So that is the top 20 enhancements of CPRA from Californians for Consumer Privacy (CCP) — the authors and sponsors of Prop 24 / CPRA — as documented in the CPRA Resource Center.
My Personal Top 12 CPRA Privacy Enhancements
Last July — before the list above was created and when CPRA had recently made the ballot as Prop24 — I created my own separate “Top 12 CPRA Enhancements.” So here is my top 12:
- #1 Creates a New Privacy Right — The Right to Limit the Use of Sensitive Personal Information (maps to CCP’s #11 above, plus I call out geolocation which is CCP’s #13))
- #2 Provides Further Safeguards for Kids (maps to CCP’s #2 above)
- #3 Creates a New Privacy Right — The Right to Correct (maps to CCP’s #9)
- #4 Extends the Right to Opt-out of the Sale of Personal Data to Include Opt-out of the Sharing of Personal Data (maps to CCP’s #1)
- #5 Creates a New Privacy Right — Right to Reject Automated Decision Making and Profiling (maps to CCP’s #14)
- #6 Requires Businesses to Provide Data Protection by Design and Default (maps to CCP’s #3, #4 and #5)
- #7 Requires Businesses to Maintain Records of Processing Activity of Personal Data (not on CCP’s list)

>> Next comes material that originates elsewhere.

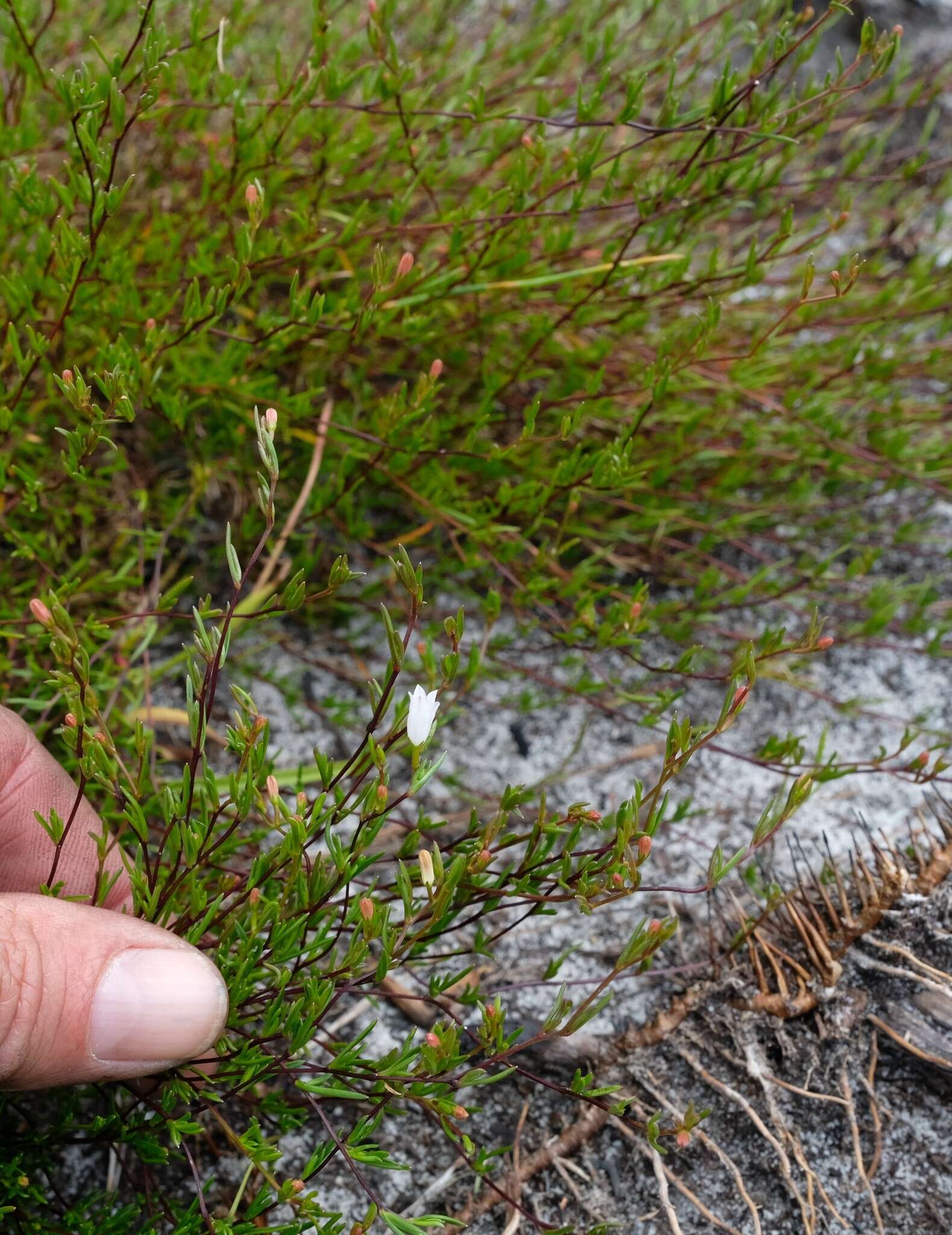 Image of Prismatocarpus sessilis Eckl. ex A. DC.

- #8 Requires Business to Do Data Protection Impact Analyses (maps to CCP’s #18)
- #9 Establishes a New Enforcement Arm — the Privacy Protection Agency (maps to CCP’s#17)
- #10 Stricter Fines and Enforcement (maps to CCP’s #10)
- #11 Improves Private Right of Action (maps to CCP’s #15)
- #12 Reduces the ability to weaken privacy law in California (maps to CCP’s #20)
The CCP ones not on my list are chain of custody; deletion expansion; right to see all personal info; right to opt-out of cross-context behavioral advertising and Chief Privacy Auditor. On my list and not on CCP’s is requiring businesses to maintain records of processing activity.
As the timeline for enforcement draw near, I will be curious to hear what others think are CPRA’s top “new features” vis a vis the CCPA!